Data segment Start Marker

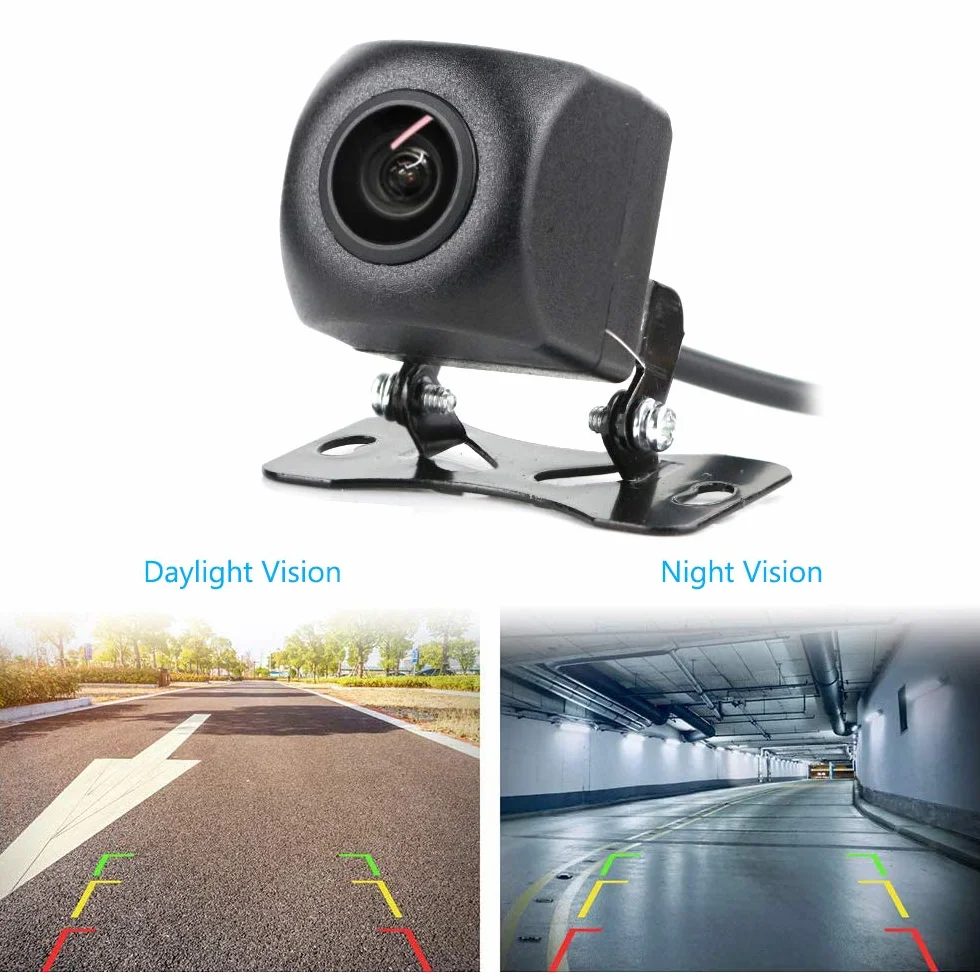 Kamera cofania, 160° HD Night Vision Lusterko Mini rejestrator jazdy monitorem, bezprzewodowa kopia zapasowa do samochodu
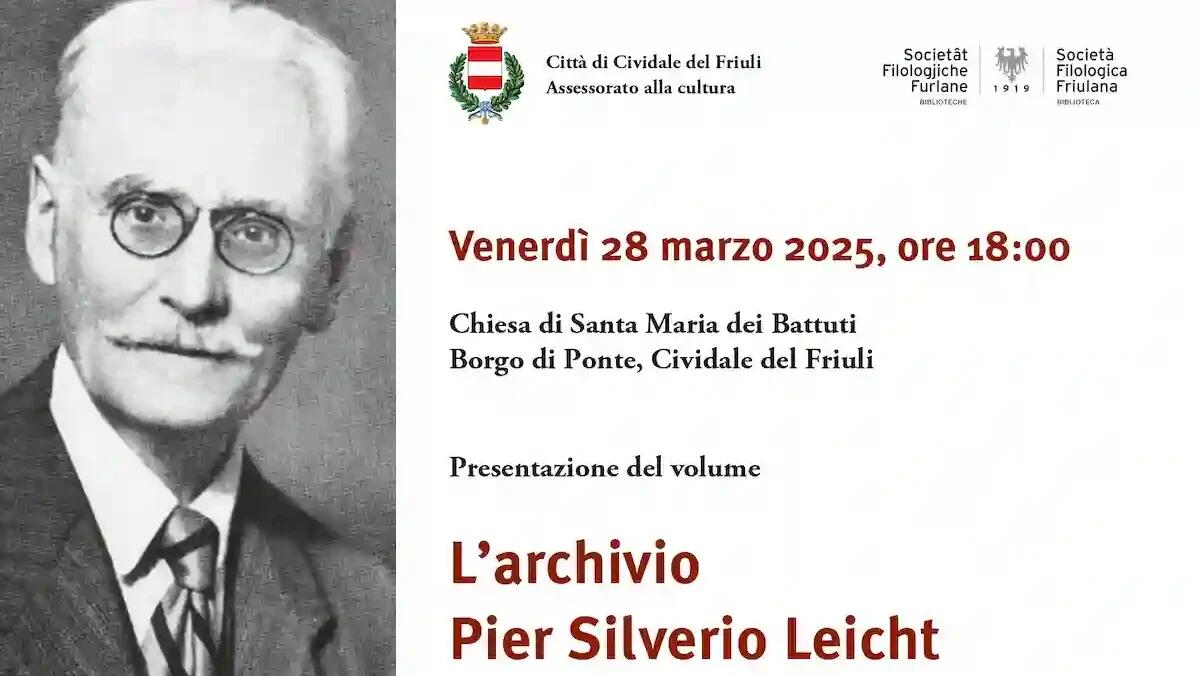 Cividale del Friuli celebra l’eredità di Pier Silverio Leicht: tutte le informazioni sull'evento del 28 marzo -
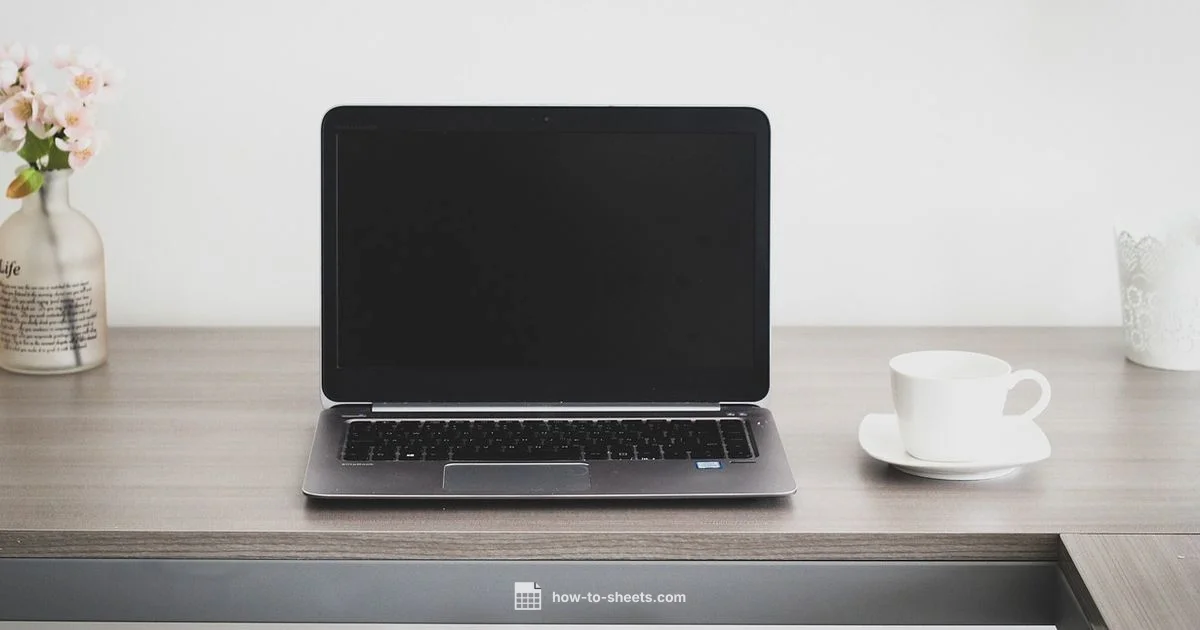 Monthly Budget Template - How To Sheets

Data segment End Marker

Your answer must be exactly the lines from the one with "Cividale del Friuli" through the final line of the data, with no pictures in it.

## Solution to this task
 Cividale del Friuli celebra l’eredità di Pier Silverio Leicht: tutte le informazioni sull'evento del 28 marzo -
 Monthly Budget Template - How To Sheets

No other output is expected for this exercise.